Calibrate your Monitor



All images on this site have been created using a color managed workflow. This means that my monitors, and output devices have all been calibrated for a known color response, brightness and contrast. As a result if your monitor is not adjusted correctly the images will not look correct, you will loose shadow and highlight detail. My systems are calbrated to a standard of 5000K color temperature (approximately equal to full sun mid day).

My systems are calibrated using a Gretag-MacBeth Eye One calibration system. All of my output is via custom color ICC profiles for my printer with a unique ICC profile for each paper type I use.

You can use the images below to get your monitor to a close approximation of a true calibration. The first image steps from pure black (RGB = 0,0,0) to pure white (RGB = 255,255,255), with a pure white bar above the steps and a pure black bar below the steps. You should adjust your monitor contrast and brightness to a point that each step is clearly visible. The pure black step and bar should be as black as the surround area of your monitor (the area between the bezel and the active image region). The pure white step and bar should be as white as possible, there should not be any blue or pink tint in these areas. It may help to move at least two feet away from your monitor, or to slightly squint your eyes (to de-focus your eyes) when looking at the steps to ensure you have a visible difference between each step.

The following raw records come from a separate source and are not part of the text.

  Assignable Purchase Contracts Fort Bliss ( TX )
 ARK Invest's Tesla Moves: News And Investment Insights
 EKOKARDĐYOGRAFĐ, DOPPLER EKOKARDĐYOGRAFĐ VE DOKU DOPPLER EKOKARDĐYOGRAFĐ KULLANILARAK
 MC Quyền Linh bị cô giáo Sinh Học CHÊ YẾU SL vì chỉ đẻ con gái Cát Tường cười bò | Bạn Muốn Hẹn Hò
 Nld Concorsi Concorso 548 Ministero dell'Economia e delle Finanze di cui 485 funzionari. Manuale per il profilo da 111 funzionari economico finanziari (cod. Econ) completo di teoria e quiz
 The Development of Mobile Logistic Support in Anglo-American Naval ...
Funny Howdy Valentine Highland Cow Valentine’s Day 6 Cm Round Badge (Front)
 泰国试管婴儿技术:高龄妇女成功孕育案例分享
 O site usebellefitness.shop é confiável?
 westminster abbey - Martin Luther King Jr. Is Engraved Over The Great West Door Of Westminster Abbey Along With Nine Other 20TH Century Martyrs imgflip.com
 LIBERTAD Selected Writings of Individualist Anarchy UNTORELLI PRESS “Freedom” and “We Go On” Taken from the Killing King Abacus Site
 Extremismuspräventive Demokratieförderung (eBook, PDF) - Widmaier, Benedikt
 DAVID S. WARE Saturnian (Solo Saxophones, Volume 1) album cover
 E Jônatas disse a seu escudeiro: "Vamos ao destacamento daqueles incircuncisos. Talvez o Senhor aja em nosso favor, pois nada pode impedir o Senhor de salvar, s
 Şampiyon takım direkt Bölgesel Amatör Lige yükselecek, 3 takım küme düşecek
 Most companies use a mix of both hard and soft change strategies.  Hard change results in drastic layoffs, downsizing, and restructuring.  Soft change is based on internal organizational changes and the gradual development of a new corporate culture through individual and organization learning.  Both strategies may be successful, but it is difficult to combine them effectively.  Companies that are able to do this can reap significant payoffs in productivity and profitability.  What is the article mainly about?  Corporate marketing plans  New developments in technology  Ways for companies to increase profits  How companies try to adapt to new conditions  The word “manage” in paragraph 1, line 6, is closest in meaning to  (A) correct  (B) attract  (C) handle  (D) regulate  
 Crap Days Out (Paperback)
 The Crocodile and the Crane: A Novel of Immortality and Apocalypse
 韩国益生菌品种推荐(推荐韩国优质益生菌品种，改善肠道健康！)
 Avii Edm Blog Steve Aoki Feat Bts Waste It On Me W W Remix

The next image is a continuous rainbow flowing smoothly through all of the sprectrum of colors. If you have sufficient color depth capability on your system the image should be a smooth continuous gradient (in fact it was created using the continuous smooth gradient function of Photoshop). If you see distinct steps in the image between colors then your display adapter either is set to a low color depth (such as 256 colors) or is incapable of showing any greater color depth due to limited graphics adapter memory. Again for optimal viewing of the images on this web site you should have at least 16 bit or better color depth.